Less than two weeks after issuing a decision that required the City of Los Altos to approve a 15-unit SB 35 project, the same Santa Clara County Superior Court judge (“Court”) issued a second favorable decision upholding the City of Cupertino’s (“City”) decision to approve an SB 35 project that would redevelop the former Vallco Fashion Mall site with more than 2.2 million square feet of mixed-use development (“Project”). The approved Project will subdivide the 50-acre site into 11 blocks consisting of 2,402 dwelling units (50% of which are affordable), 1,981,447 square feet of office space, and 485,912 square feet of retail space. After the City determined that the Project qualified for streamlined review under SB 35 and subsequently approved it, Friends of Better Cupertino (“Petitioners”) filed a lawsuit challenging the Project. The Court dismissed the Petitioners’ arguments, affirming for the second time in a matter of weeks that SB 35 is a powerful tool compelling cities to quickly accept much-needed housing development.
After unsuccessfully trying to construct a mixed-use project at the site, the developer submitted a revised project to the City under SB 35. Enacted in 2017 to increase housing production in California, SB 35 requires streamlined ministerial approvals for housing projects that meet objective planning standards and provide a certain amount of affordable housing (10% or 50% depending on the city’s failure to meet state housing construction goals). For qualifying projects, SB 35 sets time limits for the City’s review (three to six months depending on the size of the project), limits challenges to relatively narrow technical arguments, and eliminates complicated and drawn out CEQA litigation.
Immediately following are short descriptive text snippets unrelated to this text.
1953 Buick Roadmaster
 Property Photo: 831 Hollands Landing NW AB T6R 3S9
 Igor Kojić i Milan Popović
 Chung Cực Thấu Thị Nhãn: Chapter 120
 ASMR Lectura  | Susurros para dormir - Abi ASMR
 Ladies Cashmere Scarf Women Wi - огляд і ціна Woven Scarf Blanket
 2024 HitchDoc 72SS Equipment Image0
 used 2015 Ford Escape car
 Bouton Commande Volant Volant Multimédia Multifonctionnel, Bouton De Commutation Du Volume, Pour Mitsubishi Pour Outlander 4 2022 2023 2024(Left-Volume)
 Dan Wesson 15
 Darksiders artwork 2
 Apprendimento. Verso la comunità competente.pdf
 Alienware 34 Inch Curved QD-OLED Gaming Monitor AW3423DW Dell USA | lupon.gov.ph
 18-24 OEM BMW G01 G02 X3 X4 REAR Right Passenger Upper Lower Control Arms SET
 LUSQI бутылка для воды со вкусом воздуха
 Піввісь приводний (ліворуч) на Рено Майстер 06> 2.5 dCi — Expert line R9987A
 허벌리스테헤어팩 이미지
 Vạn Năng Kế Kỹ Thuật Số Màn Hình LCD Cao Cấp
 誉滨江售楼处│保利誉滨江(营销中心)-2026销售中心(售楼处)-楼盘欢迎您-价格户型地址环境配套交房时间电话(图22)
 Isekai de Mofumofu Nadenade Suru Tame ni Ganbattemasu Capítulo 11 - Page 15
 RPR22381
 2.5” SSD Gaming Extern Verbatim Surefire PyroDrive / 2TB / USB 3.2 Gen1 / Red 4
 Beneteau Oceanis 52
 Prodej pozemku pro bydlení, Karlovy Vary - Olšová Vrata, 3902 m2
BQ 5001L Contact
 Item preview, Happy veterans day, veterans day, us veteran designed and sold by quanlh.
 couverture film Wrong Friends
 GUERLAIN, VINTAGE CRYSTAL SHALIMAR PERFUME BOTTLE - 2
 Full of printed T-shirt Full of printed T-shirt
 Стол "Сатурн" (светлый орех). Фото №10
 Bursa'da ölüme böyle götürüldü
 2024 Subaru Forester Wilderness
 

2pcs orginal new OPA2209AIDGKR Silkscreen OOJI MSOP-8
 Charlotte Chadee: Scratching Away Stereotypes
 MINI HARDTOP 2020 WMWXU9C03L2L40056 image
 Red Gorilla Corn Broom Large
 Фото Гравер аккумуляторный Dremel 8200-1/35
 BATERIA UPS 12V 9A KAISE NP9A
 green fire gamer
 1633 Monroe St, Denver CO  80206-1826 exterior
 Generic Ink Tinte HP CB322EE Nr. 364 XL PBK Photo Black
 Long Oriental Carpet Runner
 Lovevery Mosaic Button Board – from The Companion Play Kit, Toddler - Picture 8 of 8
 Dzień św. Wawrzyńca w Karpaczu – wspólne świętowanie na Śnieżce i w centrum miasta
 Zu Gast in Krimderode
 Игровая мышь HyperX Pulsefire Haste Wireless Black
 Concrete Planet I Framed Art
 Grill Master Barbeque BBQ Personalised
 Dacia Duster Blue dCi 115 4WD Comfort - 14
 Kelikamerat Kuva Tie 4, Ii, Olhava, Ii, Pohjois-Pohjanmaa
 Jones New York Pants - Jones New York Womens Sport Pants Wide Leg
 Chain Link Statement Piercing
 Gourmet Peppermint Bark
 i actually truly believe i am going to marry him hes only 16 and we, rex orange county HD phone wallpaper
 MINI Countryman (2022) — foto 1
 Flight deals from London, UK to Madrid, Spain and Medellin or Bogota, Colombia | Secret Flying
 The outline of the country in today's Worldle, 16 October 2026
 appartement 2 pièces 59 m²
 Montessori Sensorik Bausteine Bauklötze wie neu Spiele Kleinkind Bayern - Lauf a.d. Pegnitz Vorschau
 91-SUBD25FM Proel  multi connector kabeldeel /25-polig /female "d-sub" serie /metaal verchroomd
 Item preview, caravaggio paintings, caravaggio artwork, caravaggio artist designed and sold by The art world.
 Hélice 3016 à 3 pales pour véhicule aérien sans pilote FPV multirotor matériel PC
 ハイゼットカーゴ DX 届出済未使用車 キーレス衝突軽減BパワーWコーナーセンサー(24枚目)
In its lawsuit, Petitioners argued that the City had a ministerial duty to determine that the Project did not qualify for SB 35 streamlining based on allegations that the Project: (1) was located on a hazardous waste site; (2) does not provide sufficient residential space; (3) exceeds height limits; (4) lacks sufficient setbacks; (5) does not comply with the City’s requirements for below market rate units; and (6) lacks dedicated park land. However, the Court disagreed with each of these arguments and found that the City correctly determined that the Project was eligible for SB 35 because the Project complied with all object planning criteria.
The Court held that SB 35 does not impose a ministerial duty on cities to determine whether a project qualifies for streamlined review, nor to reject the application if the project is ineligible for streamlined review. Rather, SB 35 imposes a presumption that a project qualifies for streamlined review if the city does not reject the project within the applicable time period (60 or 90 days, depending on the size of the project), even if the project does not actually qualify. While this holding rejected the Petitioners’ central argument, the Court did not stop there. The Court took the extra step of considering—and rejecting—Petitioners’ arguments as to how the Project did not qualify for streamlined review.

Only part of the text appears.